## [DATA FOR REVIEW]
---+---
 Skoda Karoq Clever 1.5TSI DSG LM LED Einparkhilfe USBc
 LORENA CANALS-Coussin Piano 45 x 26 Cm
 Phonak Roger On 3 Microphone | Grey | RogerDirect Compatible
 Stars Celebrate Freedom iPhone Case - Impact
---+---
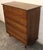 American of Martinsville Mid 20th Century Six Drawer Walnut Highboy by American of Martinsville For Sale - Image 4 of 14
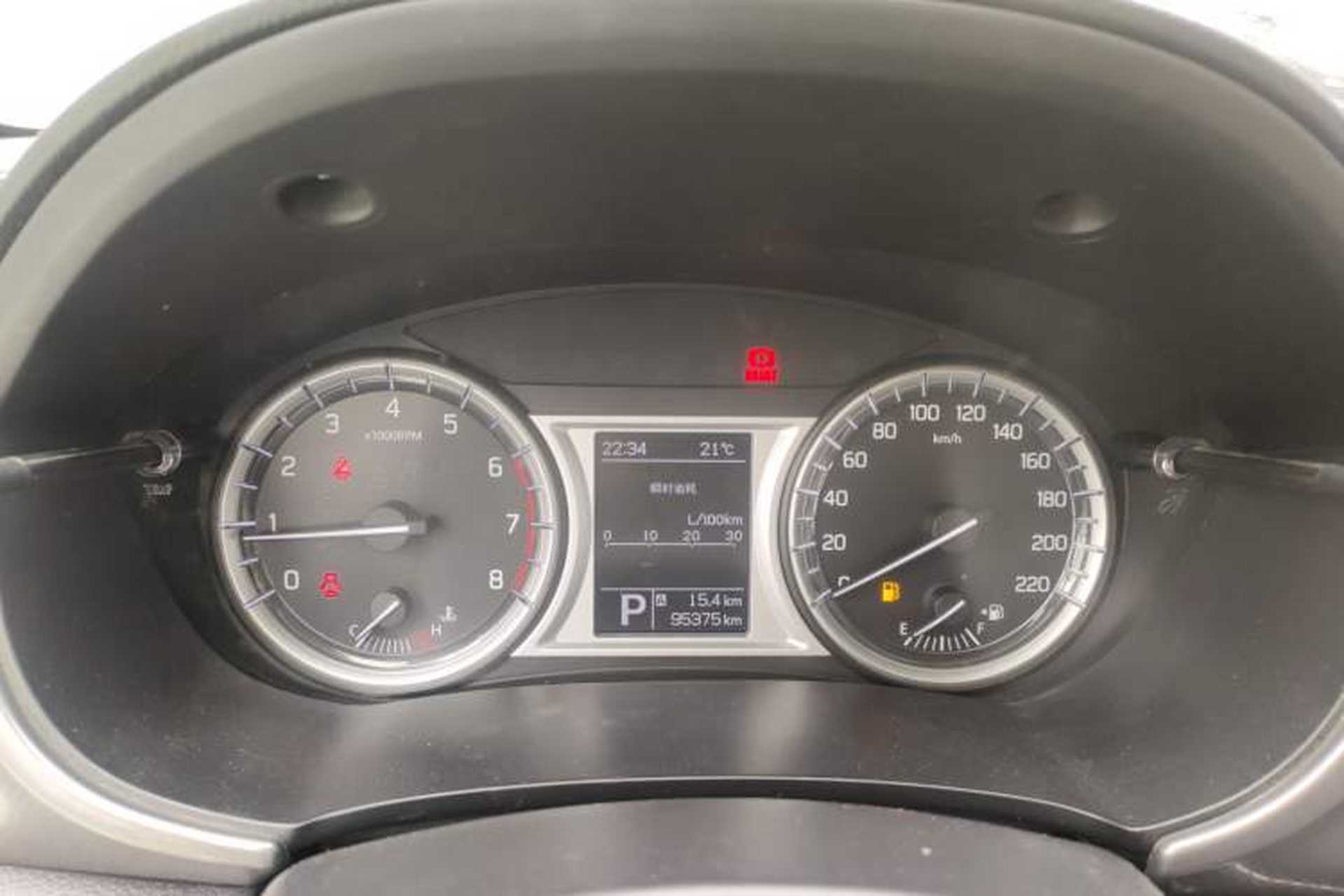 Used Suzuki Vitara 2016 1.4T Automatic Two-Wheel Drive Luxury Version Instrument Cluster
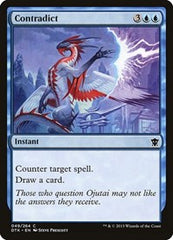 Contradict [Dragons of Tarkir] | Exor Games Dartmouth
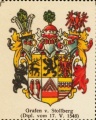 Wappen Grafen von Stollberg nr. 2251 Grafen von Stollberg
---+---
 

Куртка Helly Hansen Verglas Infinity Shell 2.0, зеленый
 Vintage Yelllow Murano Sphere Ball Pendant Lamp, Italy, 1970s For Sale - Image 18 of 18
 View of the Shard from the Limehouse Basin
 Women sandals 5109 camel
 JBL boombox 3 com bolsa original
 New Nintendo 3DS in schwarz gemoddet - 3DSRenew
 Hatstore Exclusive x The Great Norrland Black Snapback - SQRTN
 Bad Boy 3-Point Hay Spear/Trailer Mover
---+---
## [DESCRIPTION OF THE TASK]
For this exercise, please output exactly the lines above starting at the line with "Hatstore Exclusive x" and ending at the line with "Bad Boy 3-Point Hay Spear/Trailer Mover", ends included.

## [TASK SOLUTION]
 Hatstore Exclusive x The Great Norrland Black Snapback - SQRTN
 Bad Boy 3-Point Hay Spear/Trailer Mover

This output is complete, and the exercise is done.